(PROVIDED DATA Opens)
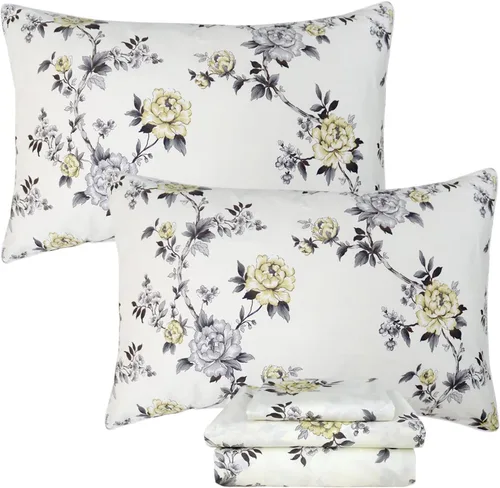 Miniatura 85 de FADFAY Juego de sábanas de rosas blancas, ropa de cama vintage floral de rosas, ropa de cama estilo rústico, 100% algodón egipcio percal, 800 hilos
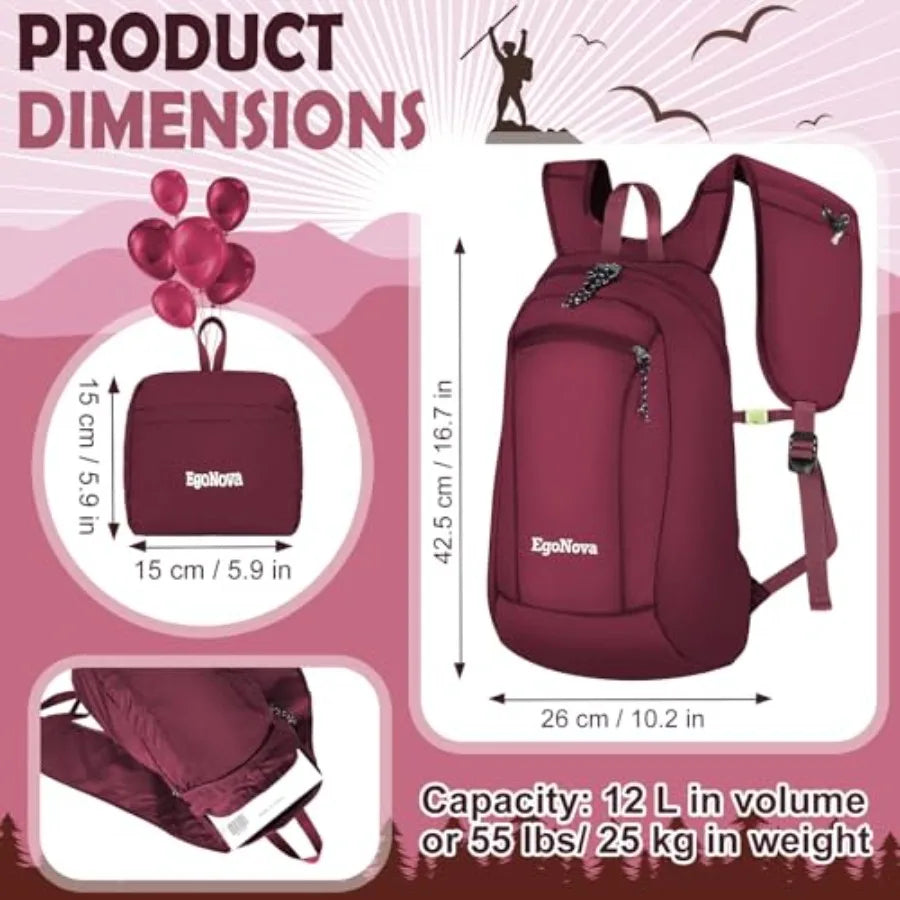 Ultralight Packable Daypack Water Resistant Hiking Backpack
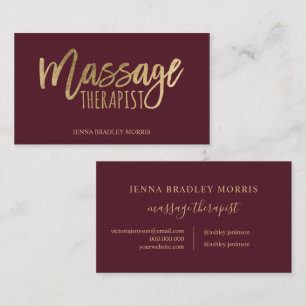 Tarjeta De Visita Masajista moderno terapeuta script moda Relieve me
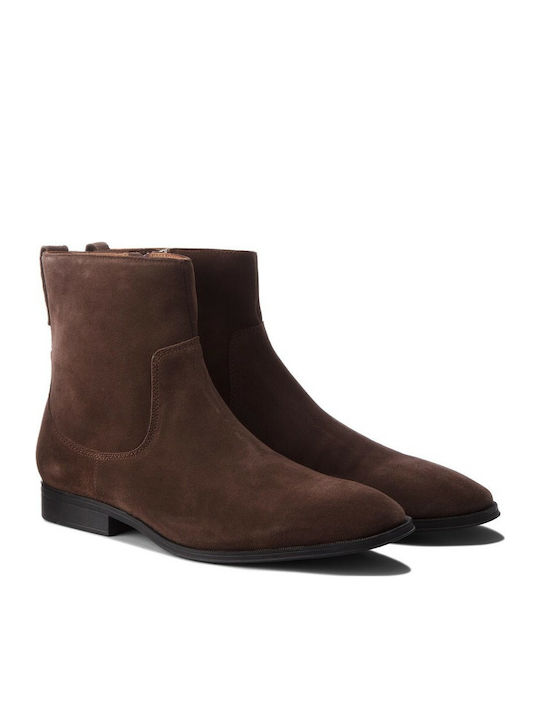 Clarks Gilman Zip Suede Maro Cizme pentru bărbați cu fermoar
(PROVIDED DATA Closes)
### [TASK DETAILS]
Write out the material above once more, exactly as it reads, with no pictures.

### [ANSWER TO THIS TASK]
 Miniatura 85 de FADFAY Juego de sábanas de rosas blancas, ropa de cama vintage floral de rosas, ropa de cama estilo rústico, 100% algodón egipcio percal, 800 hilos
 Ultralight Packable Daypack Water Resistant Hiking Backpack
 Tarjeta De Visita Masajista moderno terapeuta script moda Relieve me
 Clarks Gilman Zip Suede Maro Cizme pentru bărbați cu fermoar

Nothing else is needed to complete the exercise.